Sunday, May 14, 2017

MOTHER'S DAY 2017

It’s not easy for someone like me to sit down and write something about Mom. I mean, think about it: “Mother.” That’s the kind of prompt that has writers like Hemingway and Gertrude Stein grabbing bottles of absinthe and penning 400-page volumes stuffed full of words like “remembrance” and “lavender-scented.” I’ve been thinking about it all morning long, always vaguely aware of the thunder of distant hoofbeats, plagued by the Four Horsemen of Literature (which coincidentally also happen to be the Four Horsemen of Madness): Memory, Gratitude, Regret and Love. Before I knew it I had a 400-page volume of my own going inside my head.
So I decided to simplify, to pare it down to just one thing. One memory, one moment.

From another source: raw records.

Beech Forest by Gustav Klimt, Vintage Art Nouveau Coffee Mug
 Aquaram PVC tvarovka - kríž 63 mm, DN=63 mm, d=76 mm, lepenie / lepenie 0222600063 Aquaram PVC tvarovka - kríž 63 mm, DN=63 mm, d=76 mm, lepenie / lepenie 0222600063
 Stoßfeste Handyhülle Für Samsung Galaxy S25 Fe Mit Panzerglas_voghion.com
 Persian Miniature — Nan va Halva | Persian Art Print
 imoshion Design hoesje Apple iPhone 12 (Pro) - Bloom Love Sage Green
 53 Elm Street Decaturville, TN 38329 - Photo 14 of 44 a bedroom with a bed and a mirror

We were living on Buckingham Road at the time. I’m not sure exactly how old I was, but I was still in grade school so I figure I was about 9 or so. I was asleep, in my room at the top of the stairs. I was dreaming about popcorn. Masses of popcorn being popped all around me, just sort of materializing from thin air. I woke up, and I realized why I had been having such an odd dream: I could still hear that sound, that strange, rapid-fire popping noise. It was coming from downstairs. I got out of bed, opened my bedroom door and went down to see what it was.
And there was Mom. She was sitting at the dining room table, which we normally only used on Easter and Thanksgiving and when Dad was writing out the bills every month. She had a stack of white paper, a Chesterfield burning in the ashtray, and she was pounding away at the old Remington typewriter which Dad must have pulled out from the crawlspace for her. She was writing, and I could tell right away that she was totally in the “zone.”
That’s it. That’s the memory.
So why do you suppose that this particular memory, which isn’t even so much a memory as a moment in time, almost a tableau, stands out in my mind; why has it stayed with me over my entire lifetime; and why, when I think about my mother, do I remember her typing a room full of popcorn when I was 9 years old? Because I knew even then that what I was seeing was my Mom, happy. And not the kind of happiness that depends on another person, not the happiness of a wedding day or a firstborn. It was the happiness that is felt by someone who is doing something that only they can do, someone who is saying something that only they can say, even if it’s only for an hour or two between folding the laundry and another doctor’s appointment.
I don’t even think my mom knew I was standing there that day. But of all the lessons in life that my mother taught me, I learned at least two of them in those few brief moments. One of them was “tell your story.” No matter what it is, no matter even who wants to hear it- make your husband dig out the Remington and then start typing until you’ve reached “The End.”
The other lesson was that sometimes the best present we can give to anyone is actually our own happiness.
Thanks, Mom. I hope in some way that I am returning the gift.